The long march to Unicode: a digital approach to variability in Icibemba orthography
Abstract
The study examined the orthography of Icibemba, a Bantu language spoken in Zambia
and Congo─Kinshasa. The findings recommended adopting Unicode standards wherever
different letters (graphemes) represented the same speech sound (allophone).
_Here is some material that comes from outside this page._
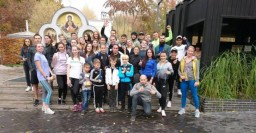 В воскресенье состоялась первая зарядка с чемпионами спорта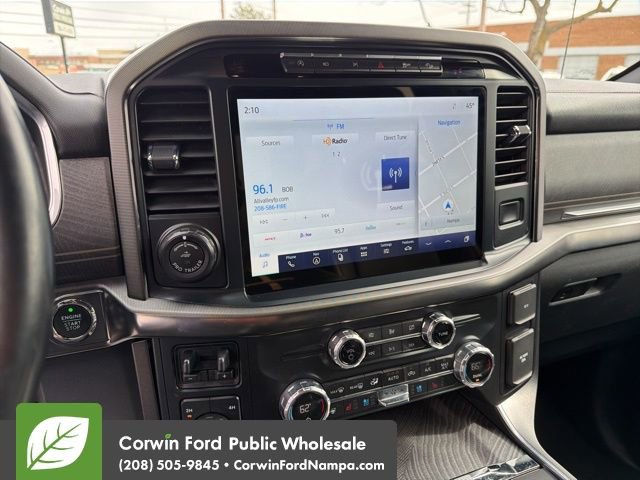 Used 2021 Ford F150 Platinum w/ Equipment Group 701A High image 21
For
example, the monograph symbol <c> and the digraph symbol <ch> represented the
same speech sound, i.e. the voiceless affricate <ch> as in batch (IPA [tʃ]), the starred
form (*) being inconsistent
Cl.3/4 <umucila>→ [umucila] → /u─mu─cila/’tail’
Cl.3/4 *<umuchila> → [umucila] → /u─mu─cila/’tail’
Secondly, the monograph symbol <V > and the digraph symbol <VV> were not being
used to distinguish short and long vowels, contrary to the syllable structure of Icibemba
Cl.14 <ubuuci> → [uβuci] → /u─bu─uci/’honey’
Cl.14 *<ubuchi> → [uβuci] → /u─bu─uci/’honey’
Thirdly, certain graphemes represented allophones in an irregular manner by ignoring
the existence of more suitable options dictated by the particular structural environment.
Examples included
(1) The use of <r> instead of <l>
*< Mporokoso> → <Mpolokoso> → [mpolokoso] → /Ø–mpolokoso/’a district in
northern Zambia’;
(2) The use of <w> instead of <b>
*< Luwingu> → <Lubingu> → [luβingu] → /Ø–luβingu/’a district in northern Zambia’.